Nature snapshots [and snide shots]
A very rich issue of Nature I received [late] just before leaving for Warwick with a series of reviews on quantum computing, presenting machine learning as the most like immediate application of this new type of computing. Also including irate letters and an embarassed correction of an editorial published the week before reflecting on the need (or lack thereof) to remove or augment statues of scientists whose methods were unethical, even when eventually producing long lasting advances. (Like the 19th Century gynecologist J. Marion Sims experimenting on female slaves.) And a review of a book on the fascinating topic of Chinese typewriters. And this picture above of a flooded playground that looks like a piece of abstract art thanks to the muddy background.

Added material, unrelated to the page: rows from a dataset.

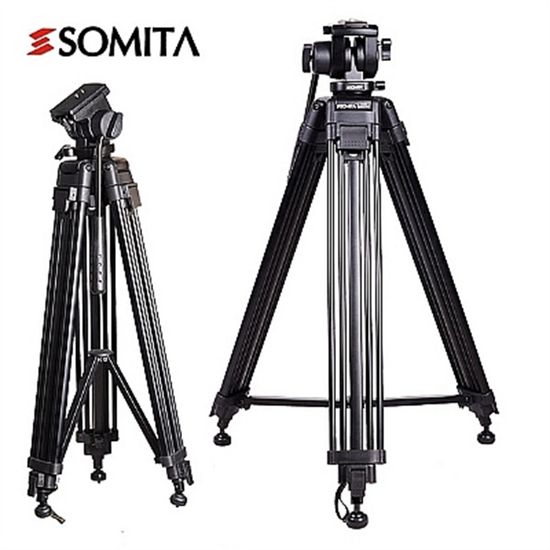 Tripé para Vídeo Somita ST-650D com Cabeça Hidráulica. Tripé para Vídeo Somita ST-650D com Cabeça Hidráulica.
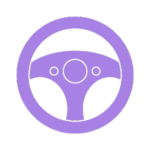 Steering Wheel Icon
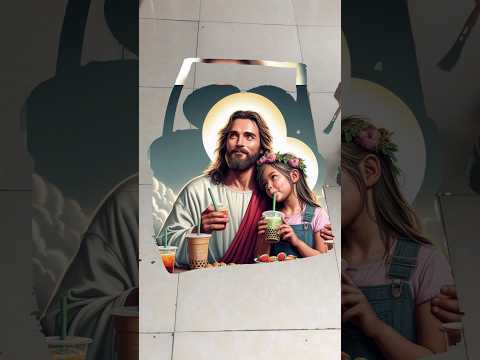 Dad Jesus cute 🥰 #jesus #cute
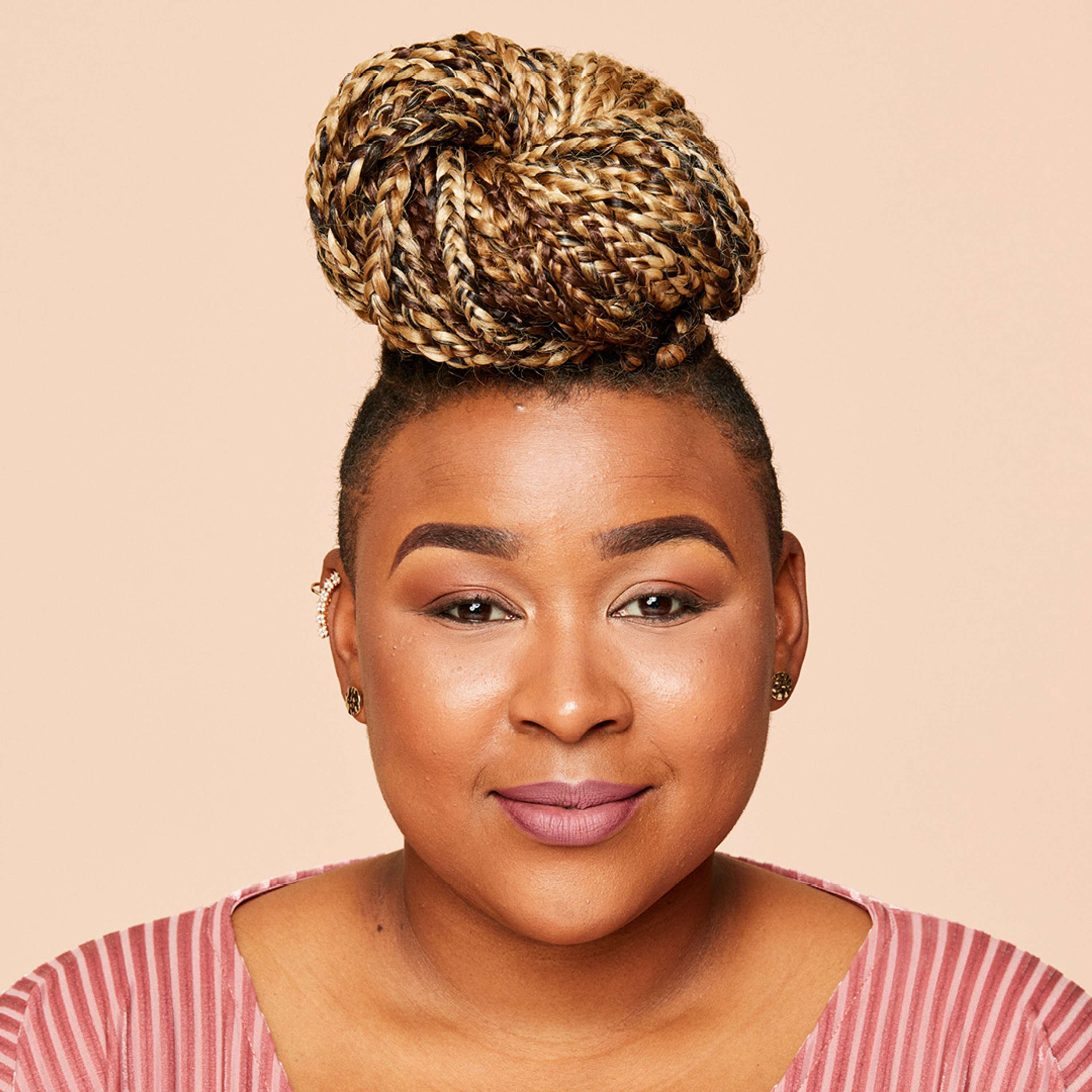 Revolution Conceal & Hydrate Foundation Campaign by Harriet Davey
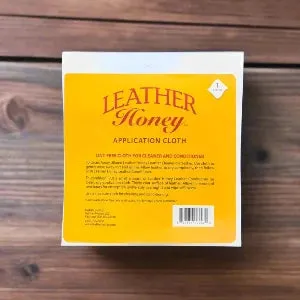 Leather Honey Lint Free Application Cloth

“Quantum mechanics is well known to produce atypical patterns in data. Classical machine learning methods such as deep neural networks frequently have the feature that they can both recognize statistical patterns in data and produce data that possess the same statistical patterns: they recognize the patterns that they produce. This observation suggests the following hope. If small quantum information processors can produce statistical patterns that are computationally difficult for a classical computer to produce, then perhaps they can also recognize patterns that are equally difficult to recognize classically.” Jacob Biamonte et al., Nature, 14 Sept 2017
One of the review papers on quantum computing is about quantum machine learning. Although like Jon Snow I know nothing about this, I find it rather dull as it spends most of its space on explaining existing methods like PCA and support vector machines. Rather than exploring potential paradigm shifts offered by the exotic nature of quantum computing. Like moving to Bayesian logic that mimics a whole posterior rather than produces estimates or model probabilities. And away from linear representations. (The paper mentions a O(√N) speedup for Bayesian inference in a table, but does not tell more, which may thus be only about MAP estimators for all I know.) I also disagree with the brave new World tone of the above quote or misunderstand its meaning. Since atypical and statistical cannot but clash, “universal deep quantum learners may recognize and classify patterns that classical computers cannot” does not have a proper meaning. The paper contains a vignette about quantum Boltzman machines that finds a minimum entropy approximation to a four state distribution, with comments that seem to indicate an ability to simulate from this system.